答えは花の名前【蘭マサ】




「そこ、 間違えてるぞ」
トントンとセンパイが解答を書いた欄をペンで示した。オレは設問を読み直しても分からなかった。
「……どこを間違っているんですか?」
「これってこの作者がいう説の論拠となる一文だろ。そういうのは《よって〜》とか《そして〜》とか接続語に注意すれば分かるよ。長い文章だと読みながらマークつけていくとあとで困らないぞ」
センパイはオレの問題集に書き込んでいく。そういえば、この人は神童センパイと同じ高校を受けるといっていた。確かとても頭が良くないと受からない高校だ。
「センパイって、ちゃんと考えて勉強してたんですね」
オレがぼそりと呟くと、手が止まりは?という低い声と共に思いっきり 睨まれた。
「馬鹿にしているのか?これでも来月から受験生なんだが」
「あーー……そうでした。

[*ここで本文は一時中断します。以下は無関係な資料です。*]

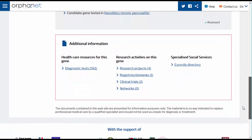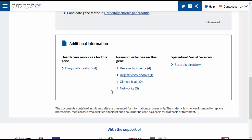Finally, you can access additional information in Orphanet concerning the gene through a series of links. These include further information on the gene, such as healthcare resources associated with the gene such as diagnostic tests, and research activities on the gene such as research projects, registries, clinical trials, biobanks and networks. The number of items associated with each type of data or resource is noted in brackets.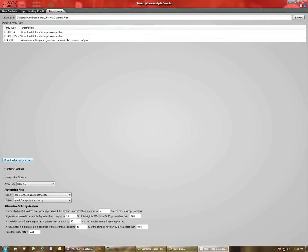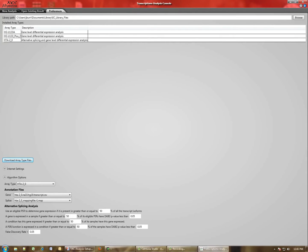The other thing that can be accomplished from the Preferences tab is to select the annotation files that you wish to use in order to perform the gene or the splice level analysis. If you're interested in adjusting the parameters associated with the alternative splicing algorithm, you can do so here.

そんな睨まないでくださいよ」
そういってもセンパイは納得してないようでずいずいと顔を近づけてくる。女の子に間違われるような綺麗な顔が迫ってくるとさすがに顔が熱くなってしまう。
「ちょ……センパーー」
このまま唇が奪われてしまうと両手で防ごうとするが、その手を片手で止められてしまい、あとはただ目を瞑るしかなかった。
……なにもされてない?
目を開けると、センパイは先程と同じで椅子に座っていた。
「あのセンパイ、」
オレが口を開くと同時にセンパイも口を開いた。
「ーーオレはただお前が勉強を教えて欲しいというから、ちゃんと勉強してきただけだ」
そっぽを向いてそう言うセンパイの耳をみると少し赤い。こういうところをみてしまうと、胸に宿る花はご機嫌に揺れてしまう。センパイの想いがもし自分のこの花と同じ名前だったら、それだったら良かったのにな。ふと、手元にあった設問が目に止まった。
「センパイ」
甘ったるい声を出してセンパイに話しかけた。
「……なんだ」
「センパイのおかげで次の問いも分かりそうでありがとうございます!」
「どういうことだ」
不思議そうに問題集を覗き込んできたが、どの問題のことなのか分からなかったようで首をかしげている。
分からないでしょうね、まだセンパイには。
「あと5分あれば分かるかもしれないので、待っていてください」
「なんだそれ」
そう笑いながら、センパイはオレが解くのを待っていてくれた。